Items from a data source
● ● ● ● ●

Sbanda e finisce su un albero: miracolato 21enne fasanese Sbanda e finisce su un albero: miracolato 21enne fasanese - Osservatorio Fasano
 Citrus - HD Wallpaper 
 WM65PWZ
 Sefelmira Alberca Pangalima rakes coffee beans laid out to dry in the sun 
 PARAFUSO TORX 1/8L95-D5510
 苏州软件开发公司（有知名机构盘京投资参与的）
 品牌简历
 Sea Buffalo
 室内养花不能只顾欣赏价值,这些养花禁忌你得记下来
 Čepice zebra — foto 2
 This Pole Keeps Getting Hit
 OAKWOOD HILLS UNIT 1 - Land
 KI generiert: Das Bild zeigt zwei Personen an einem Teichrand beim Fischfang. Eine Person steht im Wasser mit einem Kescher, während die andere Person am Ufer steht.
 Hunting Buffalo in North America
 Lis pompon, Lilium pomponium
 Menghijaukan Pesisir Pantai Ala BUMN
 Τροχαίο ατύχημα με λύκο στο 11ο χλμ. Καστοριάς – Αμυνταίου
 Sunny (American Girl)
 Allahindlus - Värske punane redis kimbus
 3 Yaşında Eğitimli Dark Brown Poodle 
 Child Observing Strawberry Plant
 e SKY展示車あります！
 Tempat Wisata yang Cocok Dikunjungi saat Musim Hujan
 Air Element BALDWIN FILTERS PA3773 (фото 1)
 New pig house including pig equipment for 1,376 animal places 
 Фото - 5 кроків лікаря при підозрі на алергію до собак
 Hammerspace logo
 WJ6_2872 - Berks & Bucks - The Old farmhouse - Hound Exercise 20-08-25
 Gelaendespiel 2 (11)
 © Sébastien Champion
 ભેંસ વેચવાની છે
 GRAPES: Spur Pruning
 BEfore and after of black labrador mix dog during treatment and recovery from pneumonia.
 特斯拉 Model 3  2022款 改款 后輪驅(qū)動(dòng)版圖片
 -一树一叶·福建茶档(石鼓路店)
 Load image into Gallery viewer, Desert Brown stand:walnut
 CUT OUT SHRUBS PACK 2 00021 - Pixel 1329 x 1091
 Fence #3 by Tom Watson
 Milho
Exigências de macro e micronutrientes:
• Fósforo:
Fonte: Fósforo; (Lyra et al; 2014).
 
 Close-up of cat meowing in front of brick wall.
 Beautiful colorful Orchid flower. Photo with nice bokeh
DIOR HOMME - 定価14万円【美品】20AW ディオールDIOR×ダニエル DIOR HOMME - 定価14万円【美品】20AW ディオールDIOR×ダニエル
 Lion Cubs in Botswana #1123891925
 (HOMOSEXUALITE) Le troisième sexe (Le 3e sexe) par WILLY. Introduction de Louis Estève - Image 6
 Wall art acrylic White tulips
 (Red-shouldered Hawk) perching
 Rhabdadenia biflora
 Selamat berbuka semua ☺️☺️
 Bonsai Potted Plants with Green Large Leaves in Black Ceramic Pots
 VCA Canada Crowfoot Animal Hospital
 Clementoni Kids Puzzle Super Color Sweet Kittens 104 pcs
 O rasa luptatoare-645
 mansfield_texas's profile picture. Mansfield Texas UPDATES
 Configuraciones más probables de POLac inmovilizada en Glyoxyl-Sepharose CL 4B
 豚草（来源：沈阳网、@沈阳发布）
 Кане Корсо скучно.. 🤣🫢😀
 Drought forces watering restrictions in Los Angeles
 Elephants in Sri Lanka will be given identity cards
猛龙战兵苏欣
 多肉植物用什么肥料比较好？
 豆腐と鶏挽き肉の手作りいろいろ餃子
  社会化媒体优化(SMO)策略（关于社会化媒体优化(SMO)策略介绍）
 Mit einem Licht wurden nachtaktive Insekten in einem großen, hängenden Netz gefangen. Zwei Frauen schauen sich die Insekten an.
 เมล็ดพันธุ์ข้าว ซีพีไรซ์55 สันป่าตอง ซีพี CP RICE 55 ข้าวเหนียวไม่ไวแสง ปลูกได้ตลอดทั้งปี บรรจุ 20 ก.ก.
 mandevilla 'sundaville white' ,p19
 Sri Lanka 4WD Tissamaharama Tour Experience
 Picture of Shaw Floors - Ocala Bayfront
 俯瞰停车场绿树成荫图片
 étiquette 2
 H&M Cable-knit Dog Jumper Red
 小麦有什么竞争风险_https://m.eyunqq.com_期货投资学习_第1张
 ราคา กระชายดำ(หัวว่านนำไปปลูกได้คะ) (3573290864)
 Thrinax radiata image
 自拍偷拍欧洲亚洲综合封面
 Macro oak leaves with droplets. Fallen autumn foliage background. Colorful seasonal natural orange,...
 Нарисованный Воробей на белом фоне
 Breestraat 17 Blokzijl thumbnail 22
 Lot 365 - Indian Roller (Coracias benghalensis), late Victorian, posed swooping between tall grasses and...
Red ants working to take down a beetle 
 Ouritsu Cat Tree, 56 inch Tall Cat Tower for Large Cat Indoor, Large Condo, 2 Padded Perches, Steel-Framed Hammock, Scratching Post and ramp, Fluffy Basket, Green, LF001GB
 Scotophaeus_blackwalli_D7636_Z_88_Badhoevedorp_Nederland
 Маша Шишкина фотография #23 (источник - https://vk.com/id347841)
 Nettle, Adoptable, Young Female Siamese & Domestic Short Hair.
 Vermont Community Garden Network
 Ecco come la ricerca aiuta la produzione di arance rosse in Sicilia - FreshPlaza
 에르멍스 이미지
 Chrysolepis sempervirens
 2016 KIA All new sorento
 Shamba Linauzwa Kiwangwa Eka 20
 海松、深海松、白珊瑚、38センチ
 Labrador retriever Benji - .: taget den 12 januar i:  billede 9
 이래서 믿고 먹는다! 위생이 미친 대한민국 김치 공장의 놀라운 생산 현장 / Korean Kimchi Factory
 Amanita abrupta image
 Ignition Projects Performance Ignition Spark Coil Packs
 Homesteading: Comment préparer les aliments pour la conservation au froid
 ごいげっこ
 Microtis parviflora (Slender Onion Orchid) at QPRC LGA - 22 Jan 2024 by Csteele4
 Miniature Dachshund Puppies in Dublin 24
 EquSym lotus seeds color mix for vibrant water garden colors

● ● ● ● ●

What lines in the records contain the word "Brown"? Return each one.

Response box =
 3 Yaşında Eğitimli Dark Brown Poodle 
 Load image into Gallery viewer, Desert Brown stand:walnut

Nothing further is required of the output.